Again I looked up at Nick, my heart thudding in my chest with nervousness. I was worried that he would not understand or just not believe, worried that he would decide I'm absolutely insane and recommend that the Pack put me down immediately, but, most of all, I was afraid that he would leave me there alone in that diner.
None of my worries had come true just yet. Nick was still staring blankly at me, not having made the connection. I suppose movie versus book would confuse some people. I took a deep breath and tried a more direct approach.
"I'm from... The night of... When Clay and Elena..." I swallowed, unable to get the words out. Afraid that my choice of explanation would damn me and eventually end me. "I'm not supposed to be here!"
Nick sat up straighter, blinking at my sudden outburst.
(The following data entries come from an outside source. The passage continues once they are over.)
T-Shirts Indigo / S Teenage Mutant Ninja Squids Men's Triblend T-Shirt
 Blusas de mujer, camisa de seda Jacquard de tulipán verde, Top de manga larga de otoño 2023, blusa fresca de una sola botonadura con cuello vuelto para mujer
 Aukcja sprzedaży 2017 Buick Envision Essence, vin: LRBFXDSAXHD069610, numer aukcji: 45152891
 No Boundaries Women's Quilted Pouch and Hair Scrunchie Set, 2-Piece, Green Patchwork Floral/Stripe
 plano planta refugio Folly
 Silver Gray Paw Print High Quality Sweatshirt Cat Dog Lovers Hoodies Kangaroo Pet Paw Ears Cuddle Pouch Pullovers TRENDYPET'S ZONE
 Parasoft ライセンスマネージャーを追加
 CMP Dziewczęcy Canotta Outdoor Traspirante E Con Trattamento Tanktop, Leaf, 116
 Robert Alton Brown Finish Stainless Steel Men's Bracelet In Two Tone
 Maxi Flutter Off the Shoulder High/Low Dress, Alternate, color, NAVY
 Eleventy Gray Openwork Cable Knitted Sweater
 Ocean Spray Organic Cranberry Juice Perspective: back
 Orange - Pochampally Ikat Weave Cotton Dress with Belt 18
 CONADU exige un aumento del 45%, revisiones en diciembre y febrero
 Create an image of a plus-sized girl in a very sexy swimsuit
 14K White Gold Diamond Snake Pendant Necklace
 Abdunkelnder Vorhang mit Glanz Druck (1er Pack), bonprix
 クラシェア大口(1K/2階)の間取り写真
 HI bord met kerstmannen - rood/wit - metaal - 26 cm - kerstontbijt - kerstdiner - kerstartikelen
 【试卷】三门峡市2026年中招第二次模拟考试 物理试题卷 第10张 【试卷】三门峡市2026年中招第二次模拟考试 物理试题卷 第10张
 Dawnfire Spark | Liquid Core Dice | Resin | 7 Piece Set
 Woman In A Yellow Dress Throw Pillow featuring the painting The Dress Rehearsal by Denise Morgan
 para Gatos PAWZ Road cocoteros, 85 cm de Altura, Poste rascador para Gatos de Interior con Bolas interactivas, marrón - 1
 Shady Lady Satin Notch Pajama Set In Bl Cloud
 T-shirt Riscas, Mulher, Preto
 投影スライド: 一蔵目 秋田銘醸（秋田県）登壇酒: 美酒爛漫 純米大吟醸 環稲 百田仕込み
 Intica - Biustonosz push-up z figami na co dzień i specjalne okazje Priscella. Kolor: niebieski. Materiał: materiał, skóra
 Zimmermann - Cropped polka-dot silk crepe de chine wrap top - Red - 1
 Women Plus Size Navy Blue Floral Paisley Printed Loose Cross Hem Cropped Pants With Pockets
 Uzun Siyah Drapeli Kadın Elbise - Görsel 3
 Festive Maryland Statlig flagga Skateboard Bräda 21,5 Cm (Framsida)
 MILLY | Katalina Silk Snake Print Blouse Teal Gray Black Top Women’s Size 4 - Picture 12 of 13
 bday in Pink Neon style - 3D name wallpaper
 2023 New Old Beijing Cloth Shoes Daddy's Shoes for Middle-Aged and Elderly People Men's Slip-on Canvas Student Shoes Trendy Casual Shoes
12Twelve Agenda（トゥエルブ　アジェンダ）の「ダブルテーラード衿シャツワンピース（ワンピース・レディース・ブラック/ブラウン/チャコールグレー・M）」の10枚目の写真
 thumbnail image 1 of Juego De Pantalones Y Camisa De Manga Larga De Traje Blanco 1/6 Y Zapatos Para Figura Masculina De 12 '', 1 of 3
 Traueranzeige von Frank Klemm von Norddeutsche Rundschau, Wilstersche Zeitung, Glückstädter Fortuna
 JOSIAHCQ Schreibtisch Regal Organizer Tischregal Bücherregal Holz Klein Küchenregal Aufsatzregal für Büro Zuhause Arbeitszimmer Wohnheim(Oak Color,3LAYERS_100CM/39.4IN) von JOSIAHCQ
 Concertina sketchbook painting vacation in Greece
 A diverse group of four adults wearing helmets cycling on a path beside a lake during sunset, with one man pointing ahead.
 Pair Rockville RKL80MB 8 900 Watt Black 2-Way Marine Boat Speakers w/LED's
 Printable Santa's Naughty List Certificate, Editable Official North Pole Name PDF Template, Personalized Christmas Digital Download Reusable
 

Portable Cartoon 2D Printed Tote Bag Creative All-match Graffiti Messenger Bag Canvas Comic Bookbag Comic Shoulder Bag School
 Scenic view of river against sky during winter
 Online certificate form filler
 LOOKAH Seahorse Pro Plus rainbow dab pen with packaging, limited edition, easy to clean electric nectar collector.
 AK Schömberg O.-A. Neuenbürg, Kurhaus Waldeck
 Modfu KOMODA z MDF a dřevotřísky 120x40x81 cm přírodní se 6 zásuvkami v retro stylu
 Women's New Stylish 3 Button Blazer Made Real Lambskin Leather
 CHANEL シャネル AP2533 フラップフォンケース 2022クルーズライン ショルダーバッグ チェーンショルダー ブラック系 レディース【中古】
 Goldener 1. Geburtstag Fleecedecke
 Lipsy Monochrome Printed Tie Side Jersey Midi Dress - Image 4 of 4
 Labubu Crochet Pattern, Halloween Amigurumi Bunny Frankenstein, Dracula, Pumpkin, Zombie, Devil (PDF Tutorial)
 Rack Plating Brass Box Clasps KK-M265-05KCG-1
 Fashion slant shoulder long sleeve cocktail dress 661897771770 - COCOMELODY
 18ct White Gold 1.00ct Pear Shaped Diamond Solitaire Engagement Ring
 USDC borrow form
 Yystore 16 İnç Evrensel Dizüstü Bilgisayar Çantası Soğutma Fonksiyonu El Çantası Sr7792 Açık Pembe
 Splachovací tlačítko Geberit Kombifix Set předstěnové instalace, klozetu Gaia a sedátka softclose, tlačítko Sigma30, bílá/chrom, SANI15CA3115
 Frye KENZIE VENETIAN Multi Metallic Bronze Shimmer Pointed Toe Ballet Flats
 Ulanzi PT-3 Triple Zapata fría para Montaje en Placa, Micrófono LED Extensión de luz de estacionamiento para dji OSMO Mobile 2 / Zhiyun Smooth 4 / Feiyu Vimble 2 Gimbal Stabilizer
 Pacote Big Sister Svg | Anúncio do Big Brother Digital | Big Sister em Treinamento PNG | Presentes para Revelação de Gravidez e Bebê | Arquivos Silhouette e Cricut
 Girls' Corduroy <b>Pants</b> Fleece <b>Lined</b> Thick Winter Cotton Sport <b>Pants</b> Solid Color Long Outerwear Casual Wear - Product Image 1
I caught myself glancing over his shoulder to see if anyone had noticed, but the diner was conveniently empty of other patrons. Looking back at Nick, I bit the side of my tongue to distract myself from the first prickle of tears threatening to come.
"What do you mean?" Nick's brow furrowed as his mouth turned down in a confused frown. "Jeremy thought it best if you and I both--"
I shook my head. "Not here, here," I pointed to the table we were sitting at. "I mean here, HEEEEEERE!" I pointed all around me, the universal sign of all encompassing, right? Wrong...
"Nyx, I don't understand what you're saying."
I made a whimpering sound of frustration. "I mean I went to sleep in front of my computer in California and I woke up in a cage in Stonehaven! Where I come from, there is no interracial council, there are no supernatural races, there's barely any magicks left worth mentioning!"
His expression changed from one of confusion to something more guarded. I reached across the table to place my hands over his, as he did for me earlier.
"Nick, where I come from there literally is no such thing as werewolves. The reason I know so much about you and the others is because you're a story. A series of novels written by a woman named Kelley Armstrong who decided after a crappy episode of X-Files that she could do better. It's how I was able to readily accept being bitten, how I knew Jeremy's name, how I knew about you and Antonio being father and son; it's how I know about Malcolm..." I paused to lick my lips, feeling my throat tighten and my voice become a whisper as I tried to get everything I had to say out before my tears made their grand entrance. "...it's how I know that your grandfather, Dominic, was the last Alpha and died of a stroke without a named successor."
My eyes locked on his, I felt Nick pull his hands away from under mine. No one in the pack talked about the last Alpha, especially not to me. His eyes had darkened and he seemed to be holding back growling at me. "I need to make a call," he said softly.
I watched him as he walked past me and stepped outside. For a few moments I watched him through the window as he pulled out his cell phone and called someone. I assumed it was Jeremy. When I felt sure that he wasn't going to abandon me, or maybe it was that I was too numb to worry about it, I looked down at my melting slice of pie.
Chocolate... I loved chocolate. Nick was the only one who didn't bother asking me what flavor I wanted when a dessert run was made. He would always bring me back something chocolate. Suddenly chocolate was making my stomach knot and turn, so I shoved the plate aside and waited for Nick to hopefully come back.